18.    Record Keeping by a non-governmental organisation

A non-governmental organisation shall keep for at least 10 years—

    (a)    a copy of the documents obtained or produced under risk-based assessments;

    (b)    identification information on donors, beneficiaries and associate non-governmental organisations;

    (c)    account files;

    (d)    a record of all transactions carried out by the non-governmental organisation in fulfilling its objectives; and

    (e)    such other records as are sufficient to verify that funds have been received and spent in a manner consistent with the purpose and objectives of the non-governmental organisation.

19.    A non-governmental organisation with information on a suspected case of terrorism financing may report it to a law enforcement agency, the Centre or any relevant competent authority.

FOURTH SCHEDULE

[Regulation 13]

OBLIGATIONS OF AN ACCOUNTABLE INSTITUTION

1.    Identification and Verification of Customer Identities

1.1    An accountable institution shall conduct customer due diligence at the time of opening an account for, or otherwise establishing a business relationship with a customer by—

    (a)    identifying the customer; and

    (b)    verifying the identity of the customer using reliable, independent source documents, data or information.
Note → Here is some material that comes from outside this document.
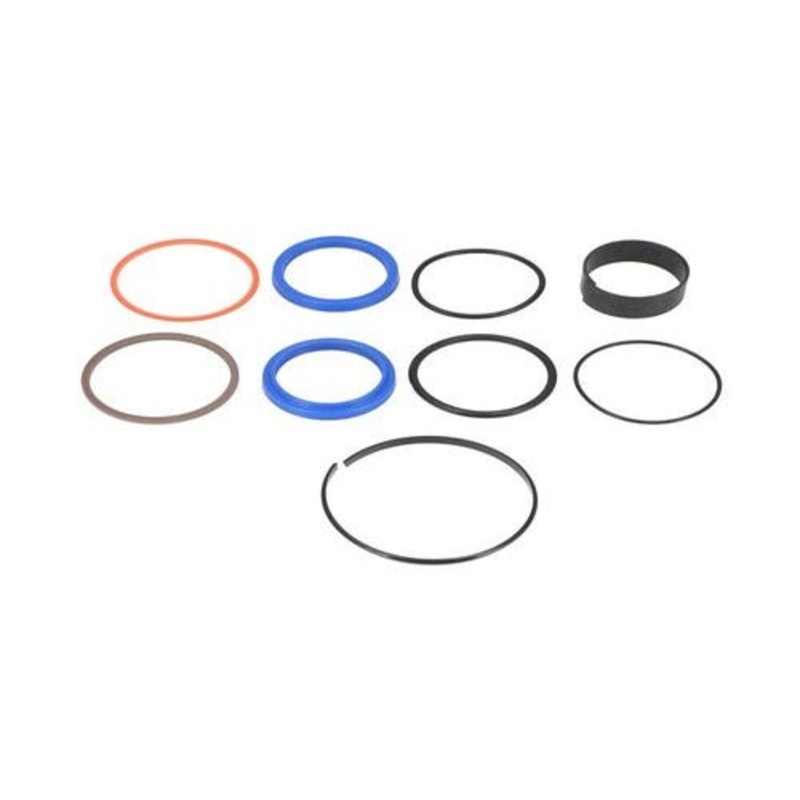 Hydraulic Seal Kit - Lift Cylinder fits John Deere CT322 317 318D 319D 320 320D 323D AH231937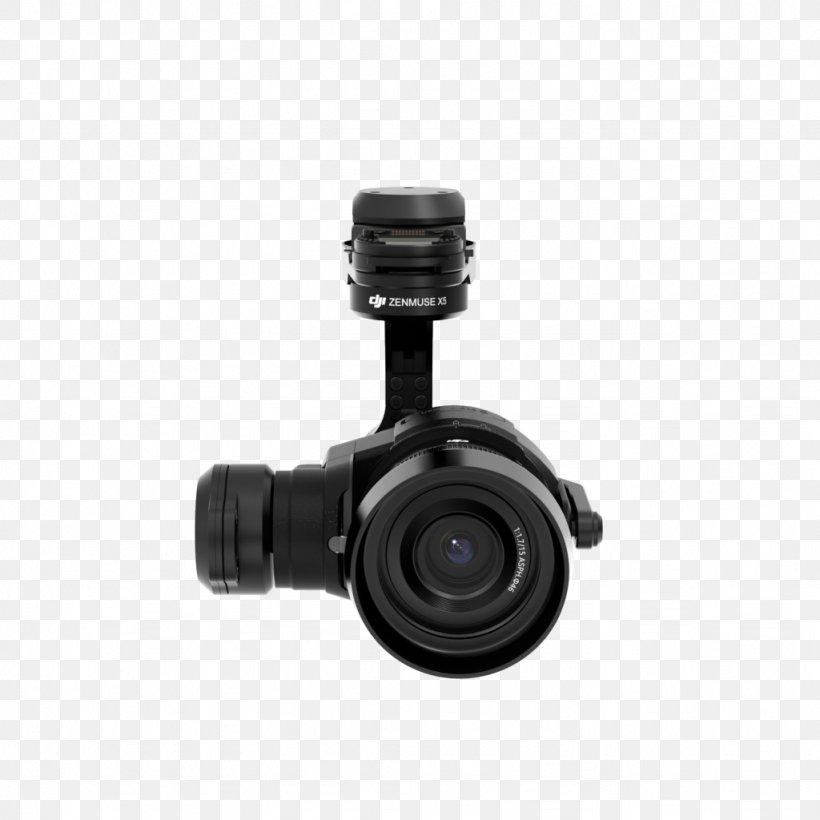Osmo Mavic Pro Gimbal Micro Four Thirds System DJI, PNG, 1024x1024px, 4k Resolution, Osmo, Camera, Camera Accessory, Camera Lens Download Free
1.2    An accountable institution shall verify the full name and physical address, and date and place of birth or a mobile number linked to a registered international mobile equipment identity number or sim card in place of physical address by comparing the particulars with—

    (a)    the customer’s driving licence, passport or national identification document bearing the individual’s pictorial image; or

    (b)    information which is obtained from any other independent source, if it is accurate and reasonably necessary taking into account any other law or guidelines concerning the verification of identities.

1.3    An accountable institution shall verify the particulars of a body corporate by—

    (a)    comparing the submitted details of the body corporate with a certified true copy of its certificate of incorporation issued by the Registrar of Companies or another relevant authority;

    (b)    reviewing the tax payer identification number (TPIN) issued by the Zambia Revenue Authority and other information held by the Register of Companies or other relevant register; and

    (c)    except for statutory bodies, the particulars of every person exercising direct or indirect control, for purposes of identifying the beneficial owner.
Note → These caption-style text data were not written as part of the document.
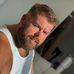 Mark Hendrickson - Facebook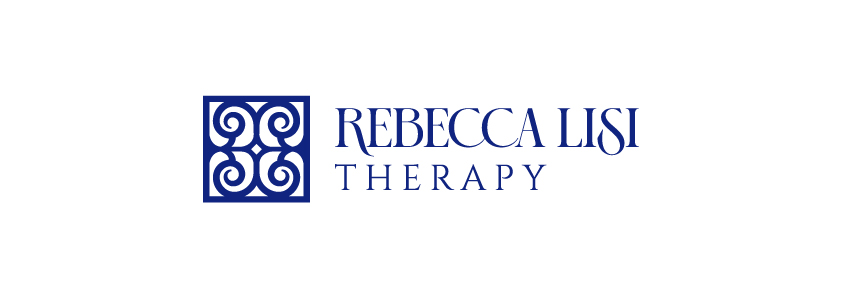 Rebecca Lisi Therapy
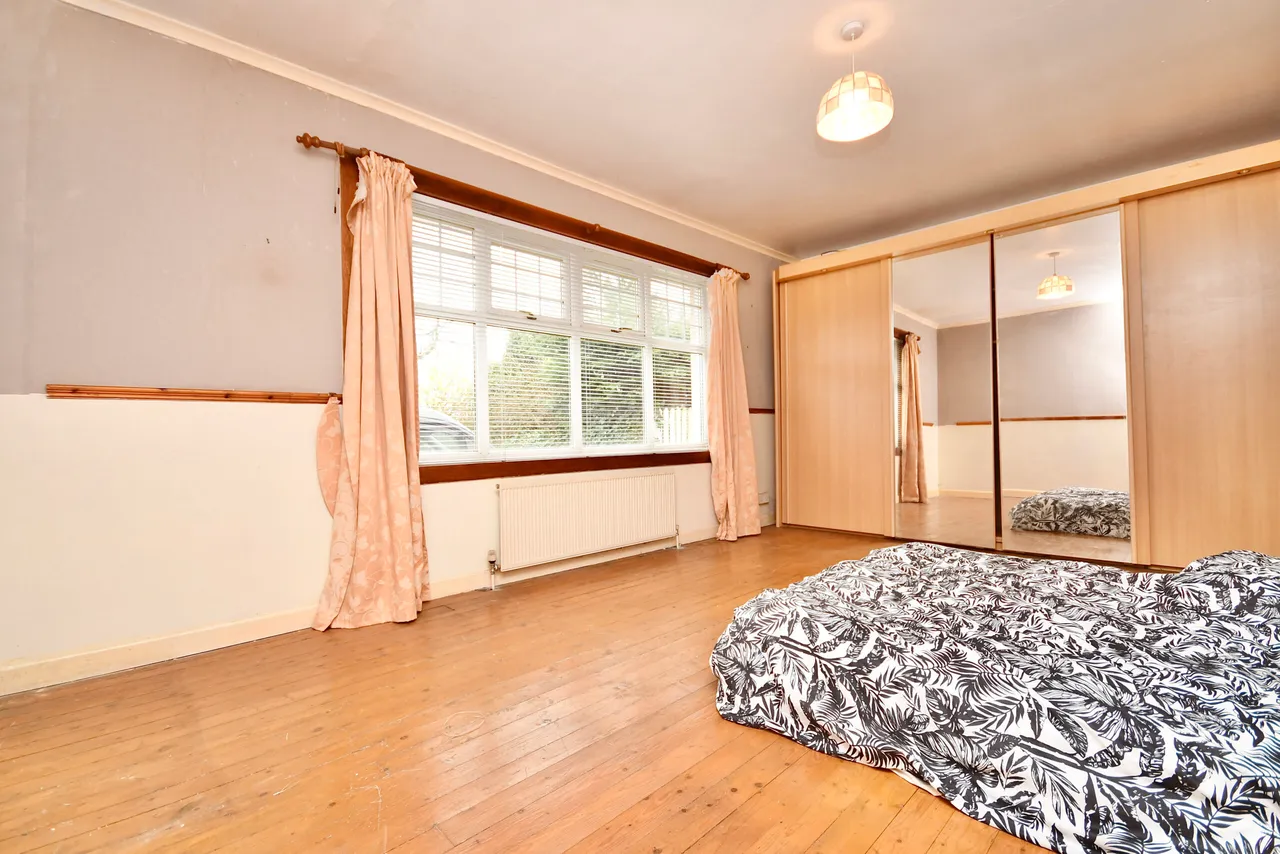 Oaks Meadow, Old Glasgow Road, Kilwinning, KA13 7QJ, photo 9
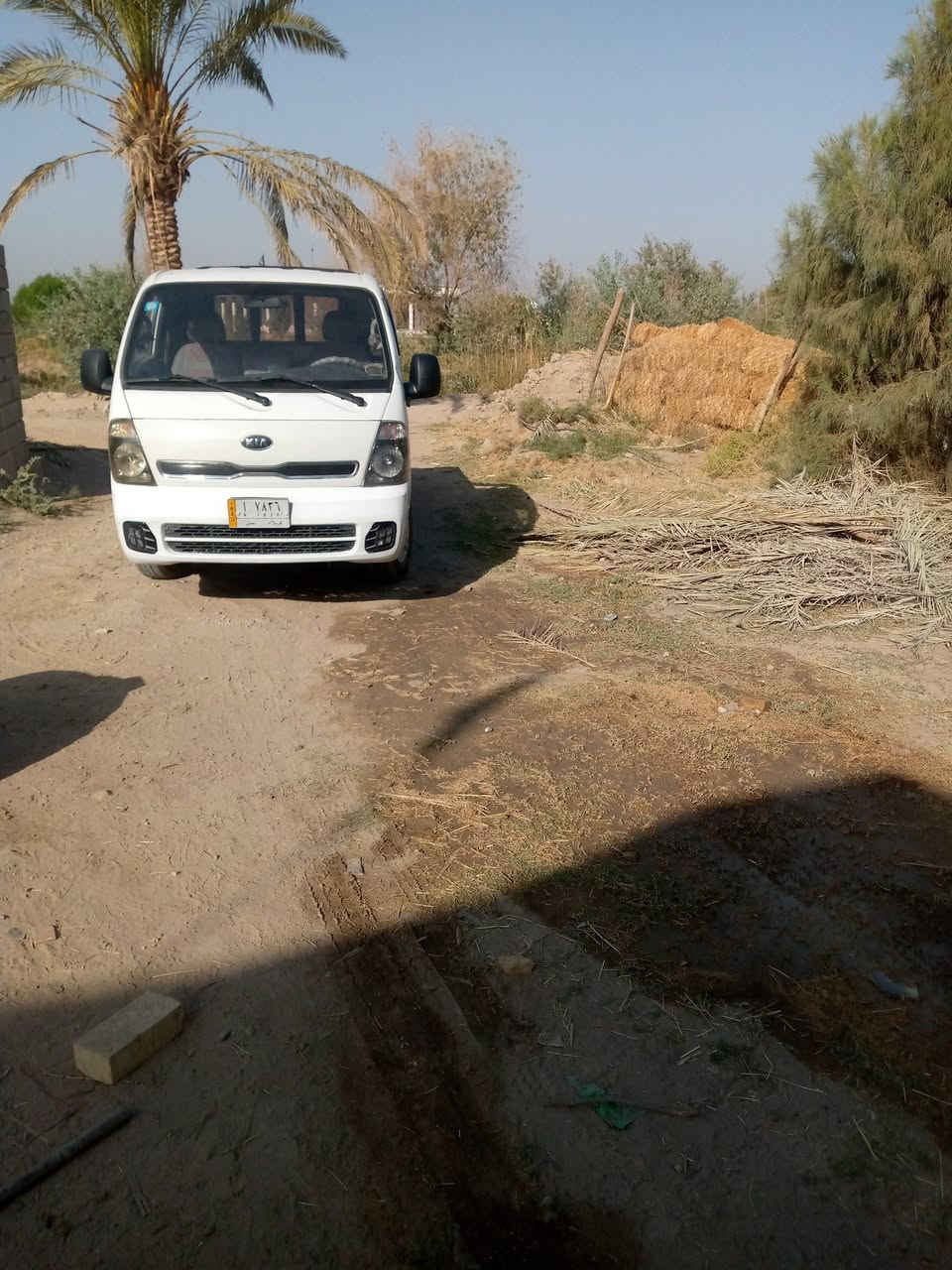 كيه موديل2013مك فوله من اي ضرار رقم كربلاء سناويه28المكان بابل***********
1.4    Where the customer is a legal arrangement, an accountable institution shall verify the particulars obtained in respect of the trust by comparing the name of the trustee, the settlor, beneficiary and any other natural person exercising ultimate effective control over the trust, with the trust deed or other founding document in terms of which the trust is created.

2.    Request for information

The Director-General may request an accountable institution to provide information that the Centre may require for the performance of the Centre’s functions under the Act and these Regulations.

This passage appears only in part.